» Dataset excerpt
·····

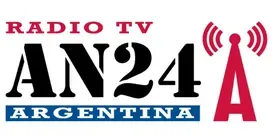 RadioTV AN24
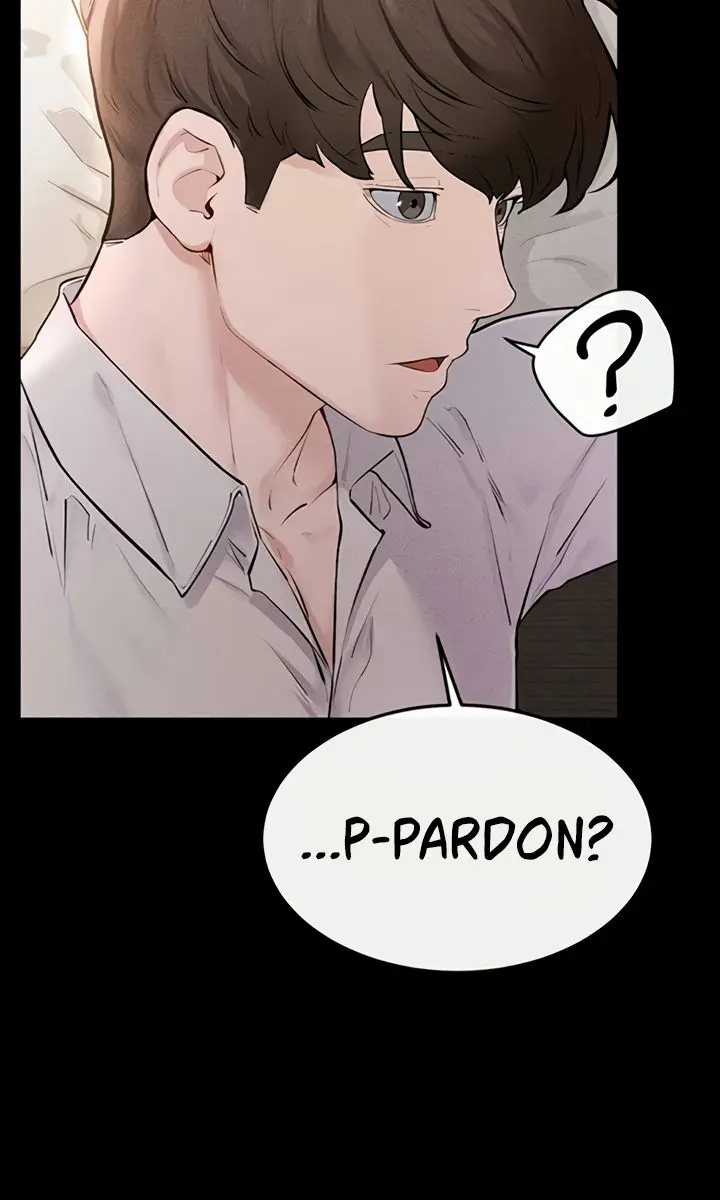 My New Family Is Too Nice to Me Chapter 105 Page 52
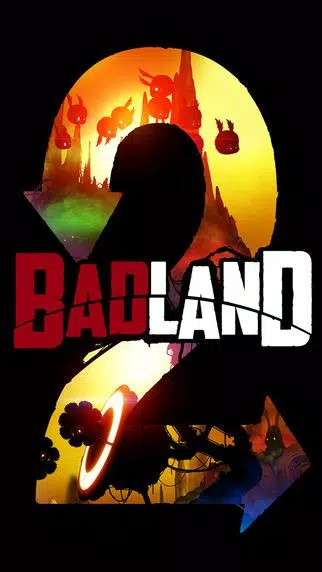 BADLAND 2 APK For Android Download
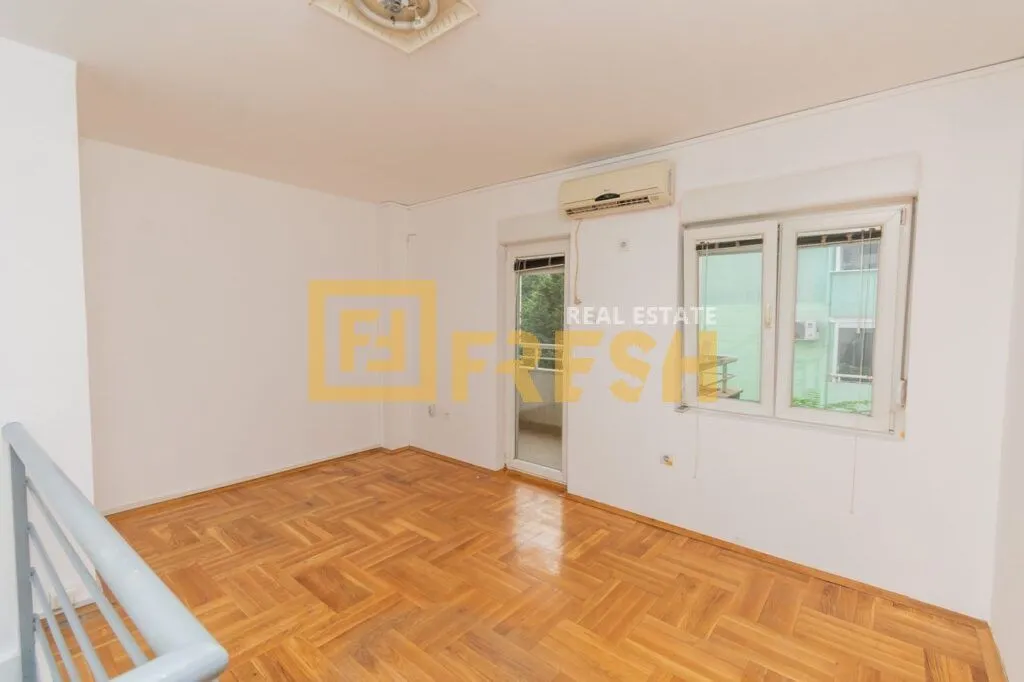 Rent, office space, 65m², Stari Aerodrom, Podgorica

·····

» Your instructions
Wherever an image sits in the data, omit it; everything else must be copied exactly.

» Exercise solution
 RadioTV AN24
 My New Family Is Too Nice to Me Chapter 105 Page 52
 BADLAND 2 APK For Android Download
 Rent, office space, 65m², Stari Aerodrom, Podgorica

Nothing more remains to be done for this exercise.